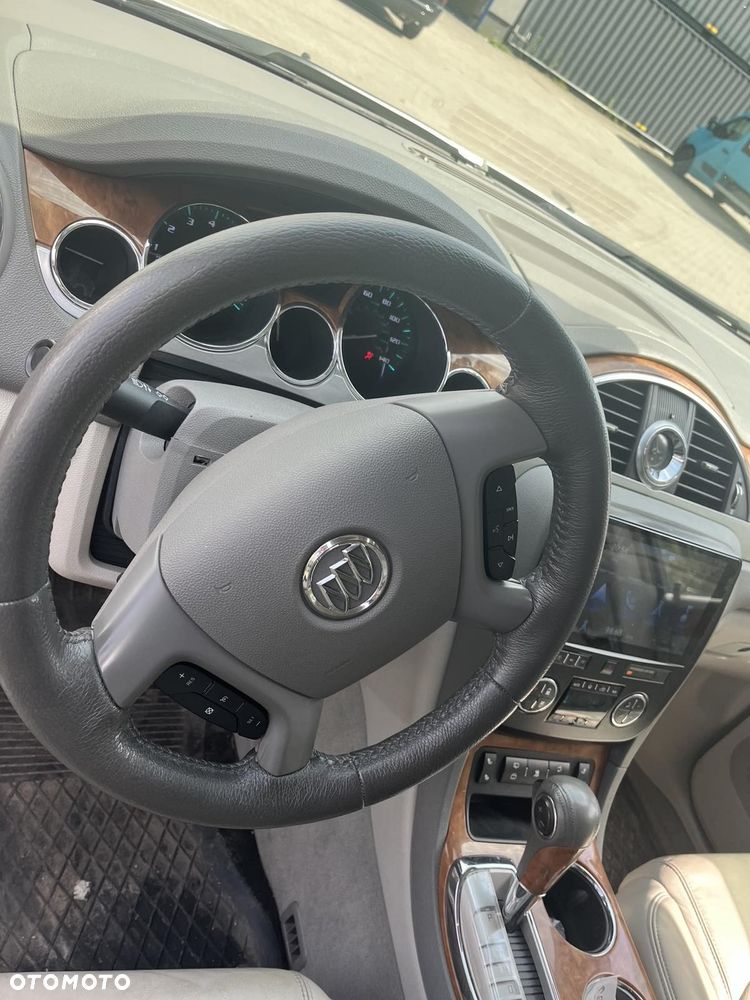Buick Enclave - 7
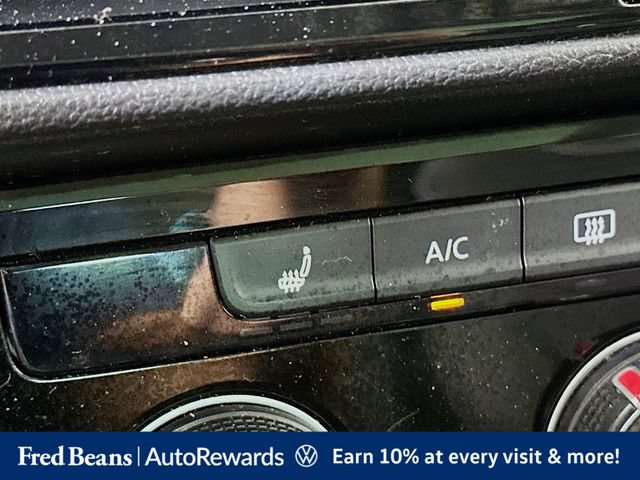 Used 2023 Volkswagen Taos SE w/ Panoramic Sunroof Package AWD/4WD image 25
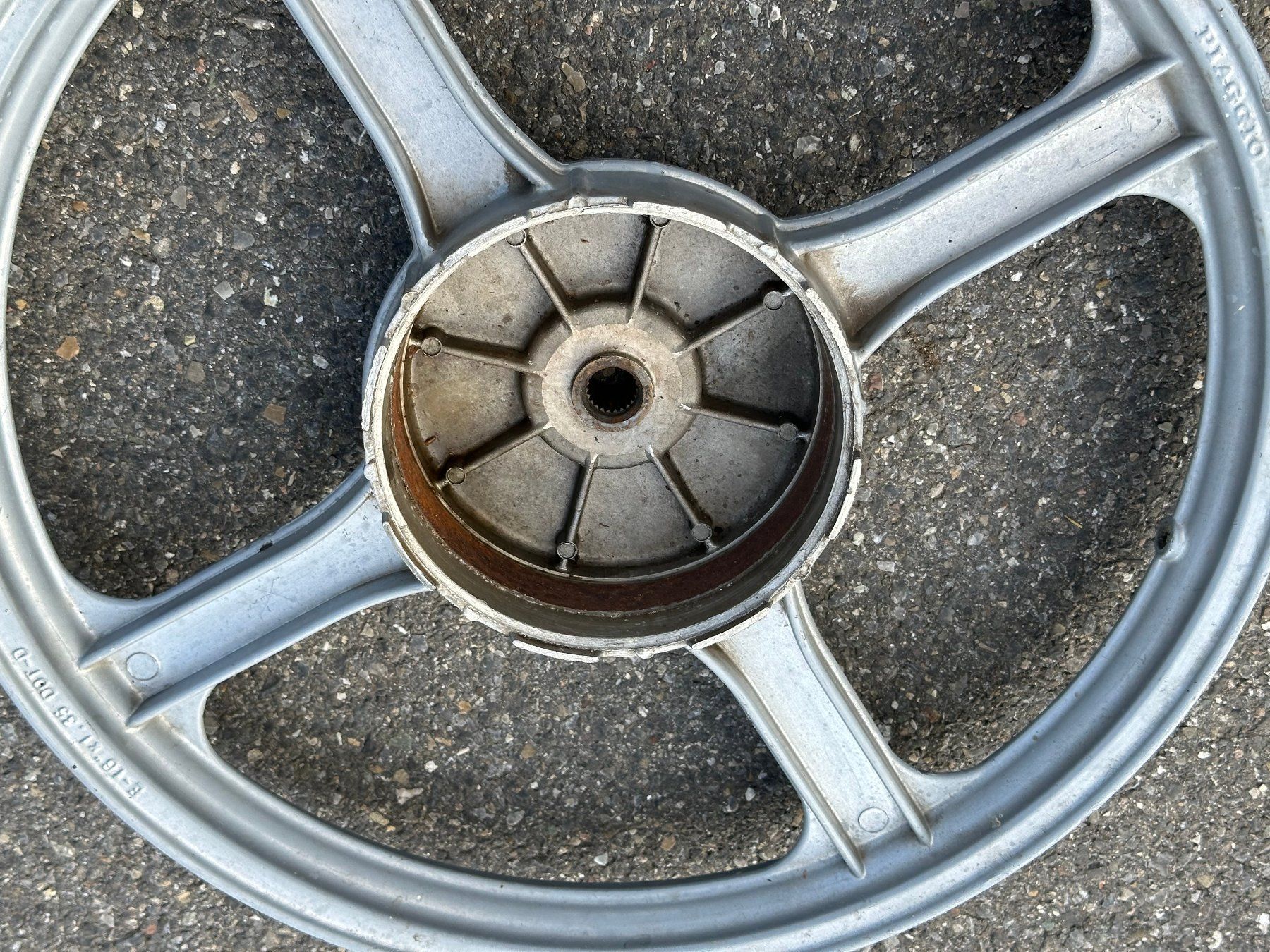 Piaggio Felgen: Hinterradfelge Guss Piaggio Ciao – Gebraucht aus Bünzen von Lukinxty 2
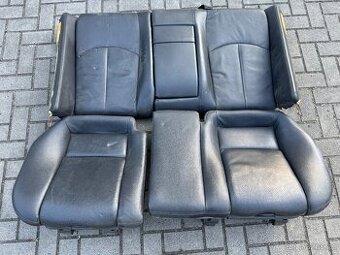 Mercedes w211 e-class zadní sedačka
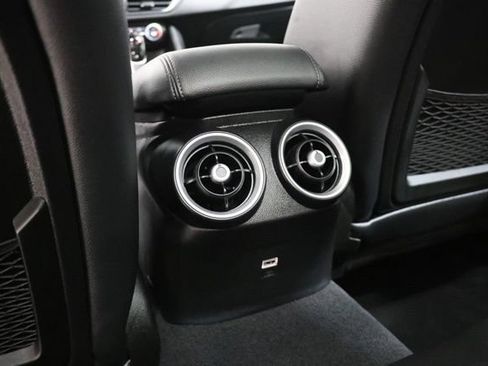 Used 2017 Alfa Romeo Giulia AWD image 29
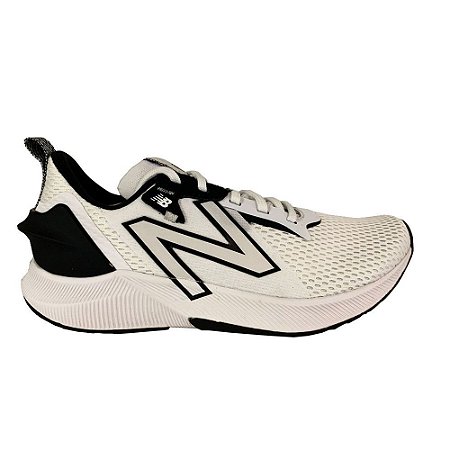 New balance branco e preto 2025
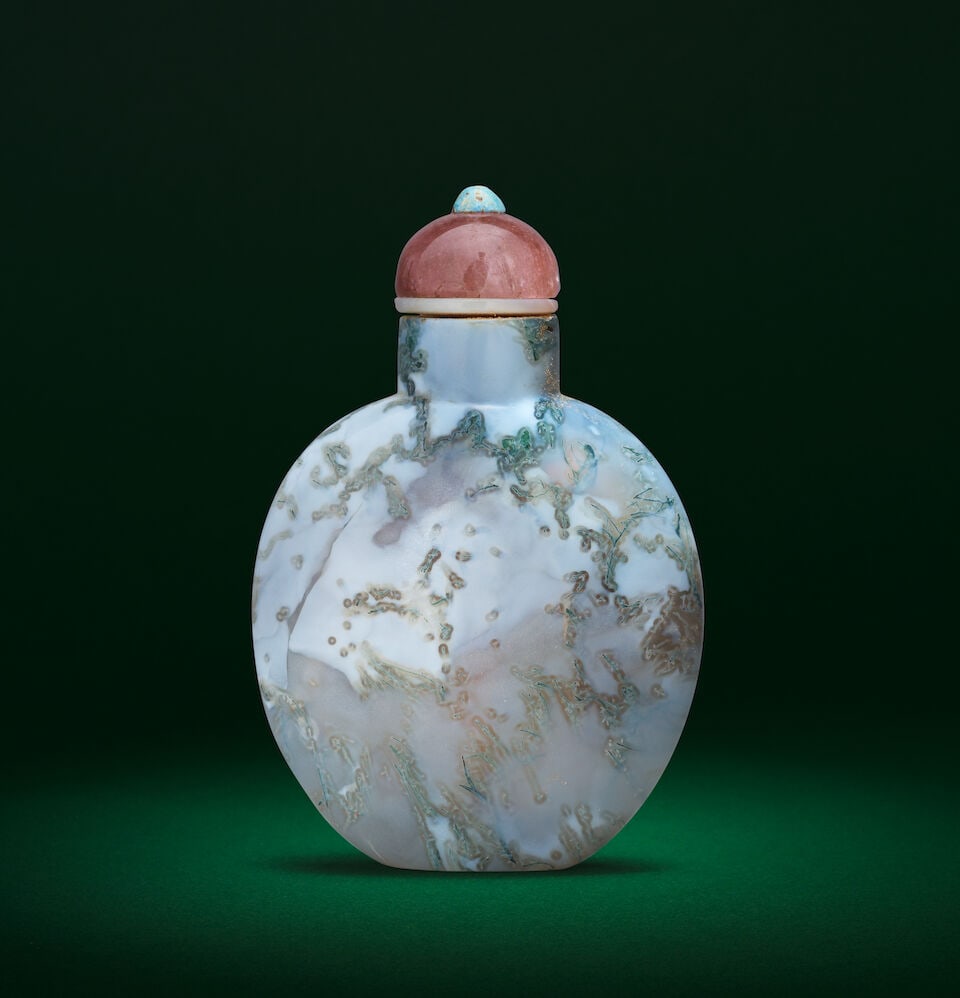AN AGATE 'WATERWEED' SNUFF BOTTLE 19th/20th century (2) - 2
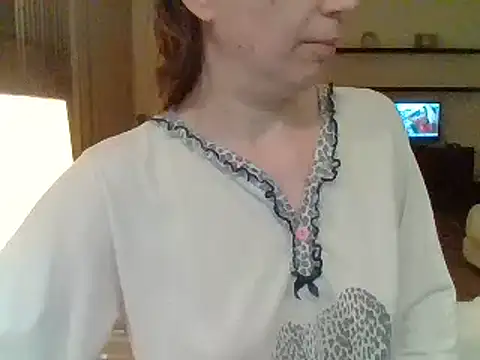 Moi Lina online show from June 2026 10:07:01 PM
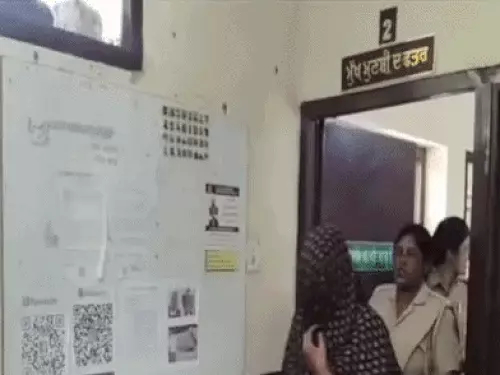 जालंधर देहात पुलिस की बड़ी कार्रवाई, 15 केसों वाली महिला नशा तस्कर गिरफ्तार, 30.5 ग्राम हेरोइन बरामद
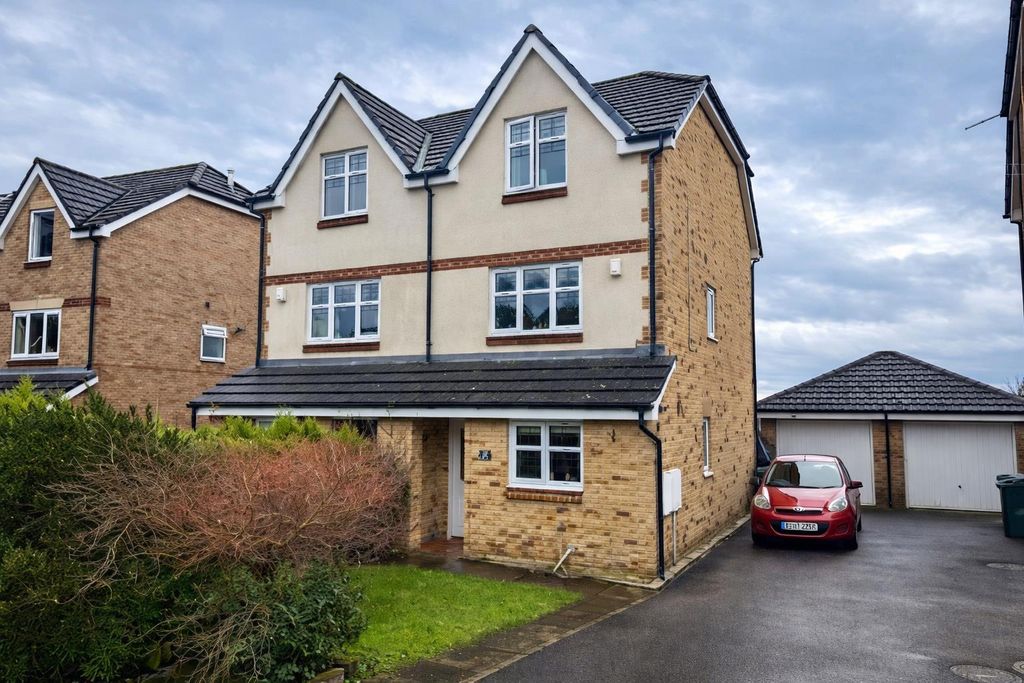 Property photo 1 of 24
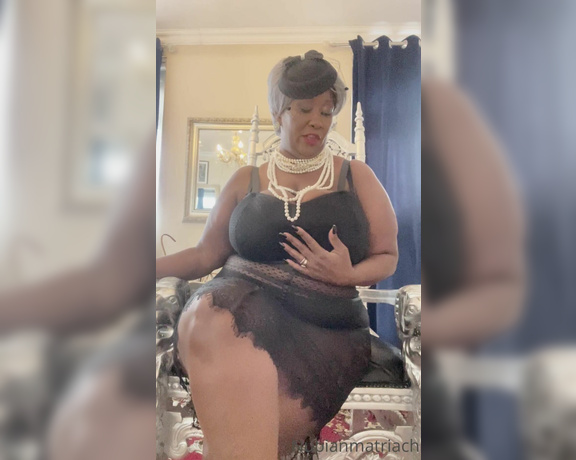 Madame Caramel aka madam___caramel OnlyFans - The Widow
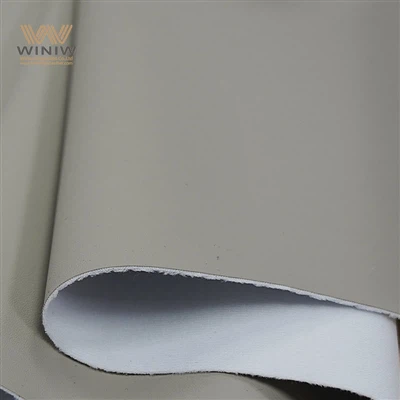 Cum să curățați corect o canapea din piele din microfibră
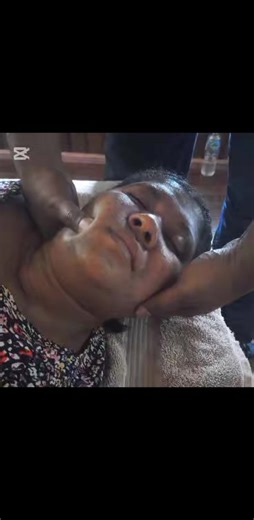 Loud satisfying Back Pain Adjustment. Click the link below to watch the full video on YouTube & SUBSCRIBE: https://youtube.com/shorts/X-8OVBAoMtA?si=d7t0Es-jk1wRGEBn | Optimal Wellness Therapy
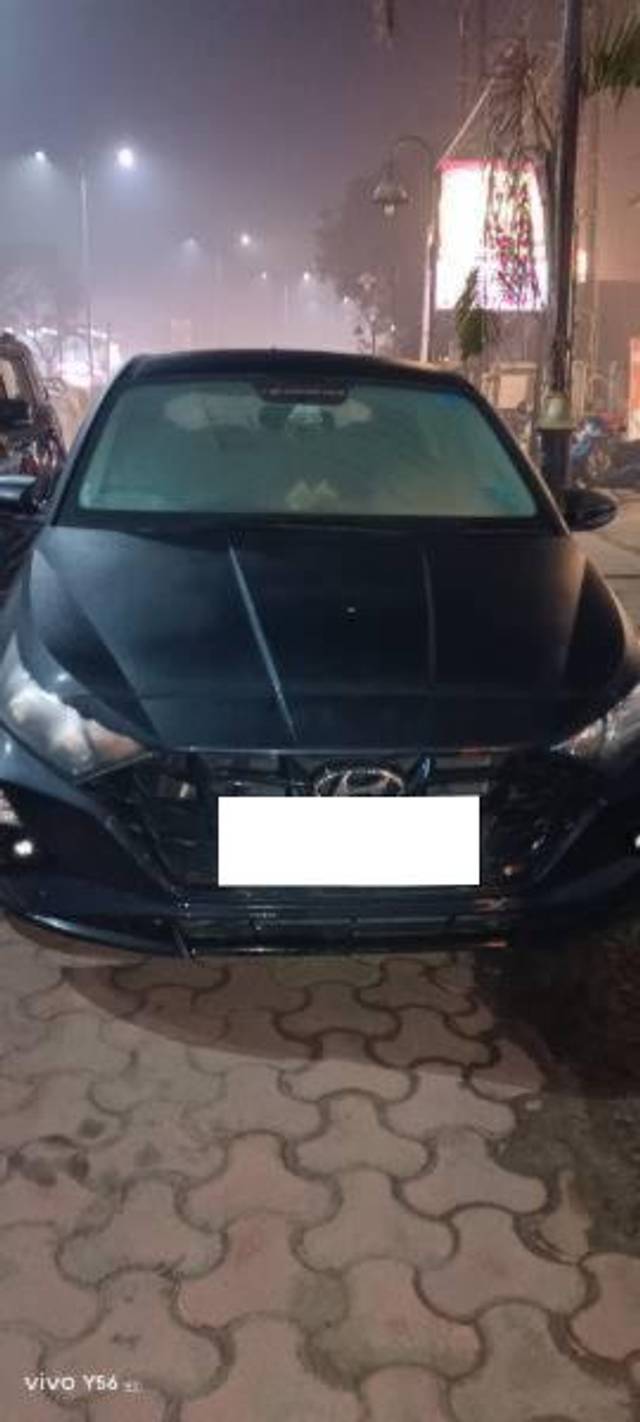 https://images10.gaadi.com/usedcar_image/4561942/original/processed_78de10eb-6be0-4f60-82fb-865ac03b3787.jpg?imwidth=6400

━━━━

### Exercise
Output exactly the lines from the first line of the records through the line containing "New balance branco e preto 2025". Leave out every picture.

### Output below
Buick Enclave - 7
 Used 2023 Volkswagen Taos SE w/ Panoramic Sunroof Package AWD/4WD image 25
 Piaggio Felgen: Hinterradfelge Guss Piaggio Ciao – Gebraucht aus Bünzen von Lukinxty 2
 Mercedes w211 e-class zadní sedačka
 Used 2017 Alfa Romeo Giulia AWD image 29
 New balance branco e preto 2025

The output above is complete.